Initialization of TM may take some time due to thread creation. After the initilization is complete, the Transport Manager is ready to be used. Any commands sent before the transport manager is ready will be rejected with error code NOT_INITIALIZED in the return value. The TM uses the singelton pattern, thus only one instance of a TM can exist at any one time. This rule can be changed in a custom TM implementation if necessary.

Adding Custom Listeners to the TM

  1. A listener allows monitoring events that take place in the TM
  2. The number of Listeners is not limited and can be zero
  3. The listeners are provided to the TM and are used by any module that needs to receive notifications from the TM
  4. The list of Listeners is stored by the TM
  5. The TM does not create any Listeners by default
  6. A custom Listener should be related with the implementation of the module that uses the listener and should implement the Transport Manager Listener Interface
#include "transport_manager.h"
#include "transport_manager_default.h"

class MyTransportManagerListenerImpl: public TransportManagerListener
    // Implement interface
    TransportManager *tm_impl = TransportManagerDefault::instance();
    TransportManagerListener *my_tm_listener = new MyTransportManagerListenerImpl();

Adding Custom Transport Adapters to the Default TM


About Transport Adapters in general:

  • TM may contain zero to N Transport Adapters (a TM with 0 TAs does not do anything)
  • Each adapter corresponds to a specific type of transport (Bluetooth, USB, TCP, etc.)
  • TA implements transport specific search, connect, disconnect, and data transfer routines

Several instances of TA:

  • Several TAs of the same type can exist in the TM
  • The results of using several instances of the default TAs is not defined
  • It is the developer's responsibility to create a custom Adapter that operates well under these conditions

Custom TA

The simplest way to add a custom TA is to derive it from the existing implementation of the TCP or BT adapter and add it to the TM

#include "transport_manager.h"
#include "transport_manager_default.h"

    // The default implementation of TCP adapter is used in this example
    // The developer is free to create their own implementation
    TransportAdapter *my_transport_adapter = static_cast<TransportAdapter*>(new TcpTransportAdapter);
    my_transport_adapter->init(); // note: TA must be initialized before getting an instance of TM
    TransportManager *tm_impl = TransportManagerDefault::instance(); // note: When custom TA is added to the TM, the default listener will be assigned to it automatically


By default, the TA is initialized during TM initialization. If the TA needs to be added to a TM which has already been initialized, the TA should be initialized before it is added the TM


The TM has a TCP adapter by default. Adding the new instance of the same Adapter may result in unexpected behavior. The developer must change the standard behavior of the TCP adapter to elinatate any potential problems.
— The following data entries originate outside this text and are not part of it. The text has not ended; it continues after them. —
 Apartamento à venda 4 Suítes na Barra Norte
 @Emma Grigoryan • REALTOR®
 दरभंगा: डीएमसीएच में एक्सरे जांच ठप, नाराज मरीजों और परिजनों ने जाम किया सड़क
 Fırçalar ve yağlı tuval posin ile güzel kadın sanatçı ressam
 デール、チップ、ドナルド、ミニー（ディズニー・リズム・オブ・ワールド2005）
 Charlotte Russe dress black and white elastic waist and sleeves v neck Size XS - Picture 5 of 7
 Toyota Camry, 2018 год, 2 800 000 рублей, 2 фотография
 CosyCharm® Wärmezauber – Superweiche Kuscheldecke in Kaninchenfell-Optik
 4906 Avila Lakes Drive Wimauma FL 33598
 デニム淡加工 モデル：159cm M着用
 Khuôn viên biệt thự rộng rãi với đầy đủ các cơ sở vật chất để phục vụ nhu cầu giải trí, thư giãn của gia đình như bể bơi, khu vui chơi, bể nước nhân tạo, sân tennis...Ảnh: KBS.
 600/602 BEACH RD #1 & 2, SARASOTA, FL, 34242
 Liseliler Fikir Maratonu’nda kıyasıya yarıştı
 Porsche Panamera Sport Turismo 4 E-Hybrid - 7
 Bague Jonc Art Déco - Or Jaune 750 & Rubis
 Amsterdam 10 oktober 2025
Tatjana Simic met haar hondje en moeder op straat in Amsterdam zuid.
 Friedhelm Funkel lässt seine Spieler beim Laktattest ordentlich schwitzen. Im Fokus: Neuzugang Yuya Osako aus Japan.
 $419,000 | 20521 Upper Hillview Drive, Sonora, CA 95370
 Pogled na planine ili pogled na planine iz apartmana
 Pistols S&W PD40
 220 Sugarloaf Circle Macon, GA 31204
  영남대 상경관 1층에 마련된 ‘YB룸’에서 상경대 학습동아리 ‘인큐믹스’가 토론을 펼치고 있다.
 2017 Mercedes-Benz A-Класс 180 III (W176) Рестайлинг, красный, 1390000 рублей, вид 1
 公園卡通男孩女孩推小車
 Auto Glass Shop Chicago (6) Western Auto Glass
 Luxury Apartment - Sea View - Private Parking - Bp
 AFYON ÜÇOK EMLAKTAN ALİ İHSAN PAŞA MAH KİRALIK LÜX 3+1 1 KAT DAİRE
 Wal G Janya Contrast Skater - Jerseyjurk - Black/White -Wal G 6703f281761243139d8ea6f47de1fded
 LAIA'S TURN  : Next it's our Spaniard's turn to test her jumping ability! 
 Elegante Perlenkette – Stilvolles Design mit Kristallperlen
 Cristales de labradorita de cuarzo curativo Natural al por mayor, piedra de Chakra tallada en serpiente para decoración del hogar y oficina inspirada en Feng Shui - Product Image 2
Custom Transport Adapter Implementations

If the default implementation of TAs is not suitable, you can create a transport adapter from scratch.

  • Create a custom class that implements the transport adapter interface. The custom TA should use the defined interface TransportAdapterListener for notifying the Transport Manager
  • The instance of TA listener will be set by the TM automatically when a custom TA is added. If the custom TA does not store its listener then the adapter will not be able to notify the TM about events such as OnDataReceiveDone or OnConnectDone
#include "transport_adapter.h"

class MyTransportAdapterImpl : public TransportAdapter
    // Implement all interface functions here
    // use TransportAdapterListener interface to notify TM about events

The following code should be added where the TM is initialized

#include "transport_manager.h"
#include "my_transport_adapter_impl.h"

    TransportAdapter *my_transport_adapter = static_cast<MyTransportAdapterImpl *>(new MyTransportAdapterImpl);
    transportManager *tm_impl = TransportManagerDefault::instance();


All internal logic is up to the developer. The developer is responsible for implementing:

  • Communication with the device
  • Notification of state changes
  • Error handling

Adding a New Listener to the transport Adapter

  1. A listener allows monitoring the events that take place in the TA
  2. The number of TA listeners is not limited
  3. The list of Listeners that are called on any event that occurs in a TA is stored in the TA
  4. A custom TA listener:
    • The developer can add the Listener to the TA through the customization procedure only. The developer needs to create his own TA on the base of the default one, and then add the Listener to it.
    • should implement the Transport Manager Listener Interface

Working with the TA Listener by-passing the TM is dangerous and may lead to asynchronous behavior that is undefined. The custom Listener should be added only together with the new custom Adapter and/or custom TM

Set up a Listener as follows

#include "transport_manager.h"
#include "transport_manager_default.h"

class MyTransportAdapterListener : public TransportAdapterListenerImpl
    // customize listener


    // The default implementation of TCP adapter and the default implementation of adapter listener are used in this example
    // Developer is free to create his own implementation from scratch
    TransportAdapter *my_transport_adapter = static_cast<TransportAdapter*>(new TcpTransportAdapter);
    TransportManager *tm_impl = TransportManagerDefault::instance();
    TransportAdapterListener *my_ta_listener = new MyTransportAdapterListener(tm_impl);

Creating a TM with custom TAs only

If for some reason the default adapters are not a good fit they can be completely replaced with developer defined adapters. To do this the developer

  1. Must implement the TA logic
  2. Provide the new TA to the TM
#include "transport_manager.h"
#include "transport_manager_impl.h"

class MyTransportManager : public TransportManagerImpl {
    virtual int init();
    virtual ~MyTransportManager();

    MyTransportAdapter *my_adapter_;
    explicit MyTransportManager(const TransportManagerAttr &config) : TransportManagerImpl(config), my_adapter_ (nullptr) {

    static MyTransportManager *instance();


// note: the implementation of all methods above are not defined here to make the code look simpler

    TransportManager *tm_impl = MyTransportManagerImpl::instance();

Transport Manager Customization

  1. Basic Information
    • TM is responsible for all complex logic and decisions, while TA is a primitive entity that operates only with transport sepcifics
    • Communication interface between TM and TA
    • TM sends a command to TA
    • If TA is unable to execute this command it returns the proper error code
    • Otherwise, TA starts executing the command. The TA notifies the TM by using the appropriate callback function
  2. Two queues are used as a fundamental of the TM
    • Message Queue for commands coming from the upper level
    • Event Queue for events coming from devices
  3. Customizing the TM, the Developer
    • Should implement transport manager interface
    • Should use the transport adapter interface and the transport listener interface for making the implementation work with the default adapters and listeners
    • Has two options:
    • Creating the TM from scratch
    • Deriving from the default implementation
      • If not particularly changed, the default Adapters and Listeners will be used.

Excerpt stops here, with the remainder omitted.